Remote Guarding: Video's Future?

Technological improvements have made the service viable for end-users

The solutions lie in doing things differently. More cameras, more monitoring and more instant response are the answer, but the conundrum is how to do it at a reasonable cost. There is an organization that may just have the answer.

The Remote Guarding Alliance ( is composed of a group of eight remote guarding companies and technology providers. Its mission is to promote awareness and establish quality and performance standards for providers in this space. The service they provide may be the future of video monitoring: they combine the concept of centralized monitoring — with advanced analytics to provide cost-effective remote guarding as a service.

“We are seeing tremendous growth in our service,” says Michael Honlon, vice president of market and channel sales for ViewPoint. “In the past, all that remote guarding services offered were video tours.

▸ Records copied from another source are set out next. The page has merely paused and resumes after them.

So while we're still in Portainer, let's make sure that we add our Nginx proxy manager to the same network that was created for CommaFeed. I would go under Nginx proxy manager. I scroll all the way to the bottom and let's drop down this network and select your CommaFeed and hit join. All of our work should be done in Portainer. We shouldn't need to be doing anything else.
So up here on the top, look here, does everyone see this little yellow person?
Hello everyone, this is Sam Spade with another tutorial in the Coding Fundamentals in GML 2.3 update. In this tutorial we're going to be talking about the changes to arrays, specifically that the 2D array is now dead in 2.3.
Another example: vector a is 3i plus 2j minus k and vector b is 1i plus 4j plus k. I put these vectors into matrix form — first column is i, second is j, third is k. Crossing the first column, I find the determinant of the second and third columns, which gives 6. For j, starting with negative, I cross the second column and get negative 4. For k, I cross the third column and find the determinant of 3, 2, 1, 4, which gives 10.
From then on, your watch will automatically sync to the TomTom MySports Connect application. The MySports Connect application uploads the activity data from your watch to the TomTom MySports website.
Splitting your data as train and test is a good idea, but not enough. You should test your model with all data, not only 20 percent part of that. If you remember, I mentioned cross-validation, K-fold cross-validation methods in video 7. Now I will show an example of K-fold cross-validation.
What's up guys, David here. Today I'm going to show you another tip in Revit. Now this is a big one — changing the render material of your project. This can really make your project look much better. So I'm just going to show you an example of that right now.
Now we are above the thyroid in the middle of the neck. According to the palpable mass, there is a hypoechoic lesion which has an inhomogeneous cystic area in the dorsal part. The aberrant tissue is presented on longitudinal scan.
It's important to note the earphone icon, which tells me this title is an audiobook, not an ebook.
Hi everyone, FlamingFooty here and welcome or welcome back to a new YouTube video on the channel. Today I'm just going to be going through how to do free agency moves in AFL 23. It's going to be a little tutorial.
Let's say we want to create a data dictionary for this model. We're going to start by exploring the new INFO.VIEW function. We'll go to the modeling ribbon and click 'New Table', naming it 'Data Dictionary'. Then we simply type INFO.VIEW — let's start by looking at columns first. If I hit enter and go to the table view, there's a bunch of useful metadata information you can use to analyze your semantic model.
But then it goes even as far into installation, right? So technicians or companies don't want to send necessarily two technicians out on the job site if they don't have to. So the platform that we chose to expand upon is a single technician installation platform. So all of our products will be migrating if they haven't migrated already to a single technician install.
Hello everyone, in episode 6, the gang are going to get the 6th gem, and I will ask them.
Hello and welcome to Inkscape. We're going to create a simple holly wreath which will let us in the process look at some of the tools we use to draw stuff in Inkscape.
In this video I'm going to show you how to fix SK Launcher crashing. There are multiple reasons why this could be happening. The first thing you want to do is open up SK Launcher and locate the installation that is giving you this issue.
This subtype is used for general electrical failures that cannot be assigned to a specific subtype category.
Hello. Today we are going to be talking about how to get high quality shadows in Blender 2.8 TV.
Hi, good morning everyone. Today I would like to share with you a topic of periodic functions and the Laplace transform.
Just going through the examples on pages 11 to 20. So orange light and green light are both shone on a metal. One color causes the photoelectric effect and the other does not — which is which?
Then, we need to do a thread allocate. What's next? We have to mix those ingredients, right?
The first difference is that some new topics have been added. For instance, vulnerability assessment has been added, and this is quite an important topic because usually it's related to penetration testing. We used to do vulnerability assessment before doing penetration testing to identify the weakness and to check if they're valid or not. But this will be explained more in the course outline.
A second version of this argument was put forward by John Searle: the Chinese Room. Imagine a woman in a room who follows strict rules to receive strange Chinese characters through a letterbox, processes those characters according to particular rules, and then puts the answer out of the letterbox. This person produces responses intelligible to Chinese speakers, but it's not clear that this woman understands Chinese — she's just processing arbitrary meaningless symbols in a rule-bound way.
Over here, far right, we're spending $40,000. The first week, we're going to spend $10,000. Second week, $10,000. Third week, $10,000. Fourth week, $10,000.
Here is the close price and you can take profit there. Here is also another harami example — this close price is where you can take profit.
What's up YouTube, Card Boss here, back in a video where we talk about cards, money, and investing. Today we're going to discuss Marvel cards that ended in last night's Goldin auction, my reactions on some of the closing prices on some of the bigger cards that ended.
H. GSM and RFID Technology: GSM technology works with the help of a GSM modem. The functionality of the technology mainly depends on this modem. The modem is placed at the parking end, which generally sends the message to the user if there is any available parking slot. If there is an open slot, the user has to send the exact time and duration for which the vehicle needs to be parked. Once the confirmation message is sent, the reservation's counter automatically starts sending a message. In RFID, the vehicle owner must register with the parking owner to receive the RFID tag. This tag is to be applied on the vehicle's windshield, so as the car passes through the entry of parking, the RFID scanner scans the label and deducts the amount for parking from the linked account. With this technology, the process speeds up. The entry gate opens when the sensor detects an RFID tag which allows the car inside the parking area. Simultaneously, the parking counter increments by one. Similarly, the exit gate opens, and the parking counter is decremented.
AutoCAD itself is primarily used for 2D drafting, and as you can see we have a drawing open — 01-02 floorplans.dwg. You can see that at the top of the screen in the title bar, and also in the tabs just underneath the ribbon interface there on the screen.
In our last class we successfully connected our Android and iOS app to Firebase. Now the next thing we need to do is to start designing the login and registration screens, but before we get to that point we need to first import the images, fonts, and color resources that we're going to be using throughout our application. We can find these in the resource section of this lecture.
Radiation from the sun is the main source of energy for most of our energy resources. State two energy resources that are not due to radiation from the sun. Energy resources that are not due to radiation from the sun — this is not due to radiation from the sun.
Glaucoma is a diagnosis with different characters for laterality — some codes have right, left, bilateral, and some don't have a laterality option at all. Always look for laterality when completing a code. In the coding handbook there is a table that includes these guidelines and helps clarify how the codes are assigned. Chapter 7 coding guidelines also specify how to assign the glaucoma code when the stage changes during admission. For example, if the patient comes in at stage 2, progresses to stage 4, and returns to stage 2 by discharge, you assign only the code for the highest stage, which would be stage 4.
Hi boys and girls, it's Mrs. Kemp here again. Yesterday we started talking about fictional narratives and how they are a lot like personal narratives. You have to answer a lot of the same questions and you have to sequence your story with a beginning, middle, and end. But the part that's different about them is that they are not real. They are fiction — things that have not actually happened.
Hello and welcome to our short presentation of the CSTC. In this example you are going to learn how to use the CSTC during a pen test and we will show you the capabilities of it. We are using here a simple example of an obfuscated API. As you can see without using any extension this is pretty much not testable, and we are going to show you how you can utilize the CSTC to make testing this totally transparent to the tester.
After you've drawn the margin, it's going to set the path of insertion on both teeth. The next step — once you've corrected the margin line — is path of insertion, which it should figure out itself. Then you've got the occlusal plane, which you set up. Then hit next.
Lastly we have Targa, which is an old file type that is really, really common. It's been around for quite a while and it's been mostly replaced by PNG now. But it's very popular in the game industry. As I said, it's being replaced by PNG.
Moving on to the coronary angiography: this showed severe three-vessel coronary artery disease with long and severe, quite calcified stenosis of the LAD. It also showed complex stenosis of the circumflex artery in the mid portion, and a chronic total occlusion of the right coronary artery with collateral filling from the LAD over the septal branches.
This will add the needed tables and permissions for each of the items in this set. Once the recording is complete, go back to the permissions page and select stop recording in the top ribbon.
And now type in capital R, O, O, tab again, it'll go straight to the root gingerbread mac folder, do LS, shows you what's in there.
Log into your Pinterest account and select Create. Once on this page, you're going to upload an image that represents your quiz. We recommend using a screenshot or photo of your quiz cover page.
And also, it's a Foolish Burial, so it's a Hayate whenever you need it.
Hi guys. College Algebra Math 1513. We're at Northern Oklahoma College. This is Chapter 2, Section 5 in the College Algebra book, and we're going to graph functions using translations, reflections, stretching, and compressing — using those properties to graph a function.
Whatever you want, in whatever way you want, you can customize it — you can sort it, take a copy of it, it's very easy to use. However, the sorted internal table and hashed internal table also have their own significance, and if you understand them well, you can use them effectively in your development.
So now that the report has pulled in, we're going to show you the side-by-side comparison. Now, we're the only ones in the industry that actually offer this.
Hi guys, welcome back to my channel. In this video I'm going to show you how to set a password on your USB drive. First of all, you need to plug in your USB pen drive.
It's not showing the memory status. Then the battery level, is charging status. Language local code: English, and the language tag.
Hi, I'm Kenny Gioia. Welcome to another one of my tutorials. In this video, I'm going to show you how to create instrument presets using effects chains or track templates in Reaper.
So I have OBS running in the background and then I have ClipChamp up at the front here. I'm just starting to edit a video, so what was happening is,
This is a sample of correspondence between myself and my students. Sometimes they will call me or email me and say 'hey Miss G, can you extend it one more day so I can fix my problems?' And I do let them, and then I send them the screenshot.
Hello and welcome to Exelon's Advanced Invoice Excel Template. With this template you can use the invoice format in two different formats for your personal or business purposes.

Now, we have customers who realize we can not only provide better security, but also value-added features, such as visitor management, after-hours video escorts in the parking lot or the eyes of the owner for retail.

“In this economy, security is being judged on the value of the investment,” he continues. “We don’t know of any company accepting project paybacks over 16 months. Remote guarding is a good way to solve the problem.”

Technology Solves Remote Guarding Roadblocks

While others have provided remote video guarding in the past, there were three key roadblocks that limited widespread adoption. The cost of video transmission over a network required huge, dedicated and expensive connections to each site. The Internet and low-cost “last mile” connections have changed that, but it is still difficult to move live video from a large number of cameras off-site. This pushed users to move to lower quality video to save on bandwidth. The whole equation changes, however, if you use video analytics on each site to watch the video streams. When the system actually watches its own video, there is no need to transmit it unless an event occurs.

“Moving from CIF resolution to D1 causes bandwidth and storage costs to increase by a factor of nine unless analytics are used,” Marmon says.

The second roadblock was the cost of monitoring. We all know that humans can not watch large numbers of screens at the same time or for very long. The result was limited cost savings for remote monitoring since it took the same number of people to watch your cameras no matter where it was done. This is an area where video analytics can really make a difference. It can allow dramatically increased efficiency and effectiveness, while allowing significant increases in the number of cameras per operator. This is also another area in which the technology has changed. To make this work, the analytics needs to be able to detect humans being in places they shouldn’t be while at the same time limiting the number of false alarms to a minimum.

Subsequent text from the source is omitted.